Des funérailles à surveiller
Téhéran n’a cependant pas détaillé en quoi consisterait sa réponse, laissant les analystes, les chancelleries et les soldats israéliens spéculer sur la suite des événements. Des indices seront peut-être donnés dans les discours lors des funérailles ce vendredi des six « martyrs » iraniens, dont Mohammad Reza Zahedi, le chef des opérations en Syrie de la force Qods, bras d’intervention extérieure du régime des mollahs.
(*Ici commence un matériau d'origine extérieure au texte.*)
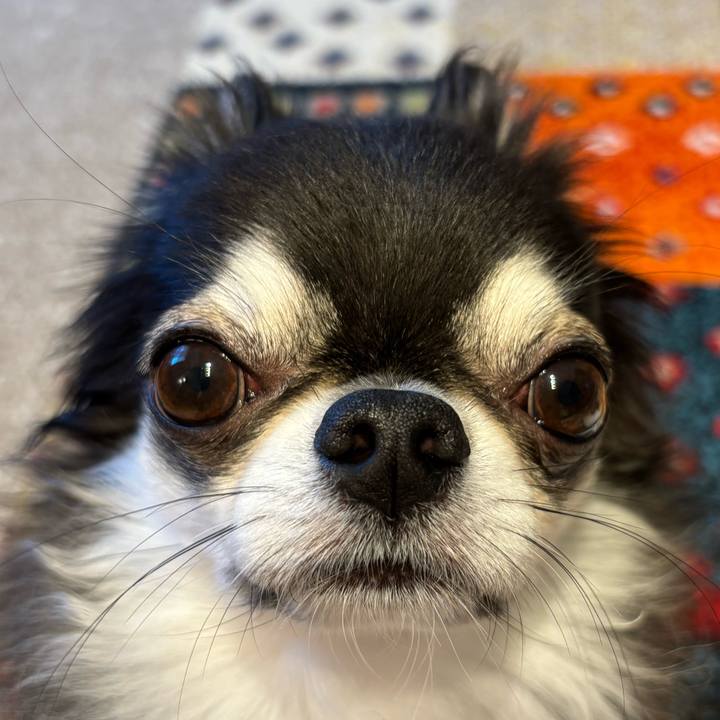 Edad1460 bf1a 4a15 8901 2df84d50887b 1723331218661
L’Iran peut d’autant moins rester les bras croisés que le raid de lundi, qui n’a pas été, comme d’habitude, revendiqué par Jérusalem, est absolument inédit, puisqu’il a touché une représentation diplomatique, annulant des dizaines de raids visant les Gardiens de la révolution en Syrie ces dernières années. Ce faisant, « Israël a franchi une ligne », a déclaré Ali Vaez, analyste à l’International Crisis Group.
Une réponse modeste
Mais le plus plausible est que la réponse iranienne reste modeste. « Il s’agira probablement pour le régime iranien dans les prochains jours de sauver l’honneur, vis-à-vis de son opinion publique comme de ses relais et alliés, mais sans prendre le risque d’une escalade », estime Antoine Basbous, directeur de l’Observatoire des pays arabes, qui s’attend à ce que Téhéran demande à l’un de ses « mandataires », comme on appelle un allié agissant discrètement en votre nom, de cibler un centre culturel, ou un consulat lié à Israël quelque part au Moyen-Orient, ou ailleurs .
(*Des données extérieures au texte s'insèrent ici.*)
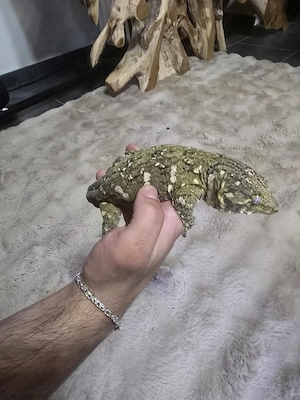 rhacodactylus leachianus 1.0 Bild 3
« Il est probable que l’Iran fasse payer Israël, mais indirectement et à travers ses partenaires et mandataires dans la région », confirme Ali Vaez. L’Iran avait promis en décembre qu’Israël « paierait cher » l’élimination d’un général des Gardiens de la révolution à son domicile de Damas. Et puis… rien.
Peur d’une implication américaine
En tout état de cause, « des lancements de missiles balistiques iraniens directement vers le territoire israélien sont hautement improbables », estime Antoine Basbous. Cela équivaudrait à une quasi-déclaration de guerre de l’Iran à Israël, avec une probable réponse des États-Unis, ce que craignent les mollahs. Téhéran avait aussi promis une « vengeance impitoyable » après l’élimination en janvier 2020 par Washington du général Qassem Soleimani, chef de la force Qods. Il s’est finalement contenté de tirer quelques missiles vers une base américaine en Irak… après avoir discrètement averti Washington d’éviter toute victime.
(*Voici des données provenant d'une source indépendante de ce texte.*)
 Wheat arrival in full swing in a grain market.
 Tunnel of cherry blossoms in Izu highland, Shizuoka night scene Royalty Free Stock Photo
De même, fin janvier, Téhéran a ordonné à ses relais en Irak de cesser immédiatement leurs opérations après un bombardement sans précédent qui a tué trois soldats américains en Jordanie. Ce qui est dans le collimateur de Téhéran, estime Antoine Basbous, qui « cherche peut-être à ouvrir un deuxième front indirect ». Dans ce pays désormais peuplé majoritairement de Palestiniens, des manifestations sont orchestrées depuis des semaines devant l’ambassade israélienne pour exiger la rupture du traité de paix de 1994…
La prudence du Hezbollah
Le Hezbollah, qui tire occasionnellement des missiles vers Israël, pourrait également augmenter le rythme et, plus important encore, la puissance ou la portée de ses tirs, mais ce n’est pas non plus le scénario le plus probable, selon les analystes. Bien qu’équipée de dizaines de milliers de missiles, dont certains ont une portée de plusieurs centaines de kilomètres, la milice chiite craint aussi une riposte israélienne. Elle n’a d’ailleurs jamais répondu de manière dévastatrice aux raids israéliens menés contre elle au Liban, notamment celui qui a éliminé en janvier un responsable de son allié le Hamas dans ses bureaux, en plein centre de Beyrouth.
Israël prend cependant des précautions, avec la suspension ce jeudi des permissions dans toutes les unités de combat, et le brouillage des signaux GPS afin de perturber d’éventuels vols de missiles iraniens ou du Hezbollah. Au grand désarroi des taxis et des livreurs de Tel-Aviv.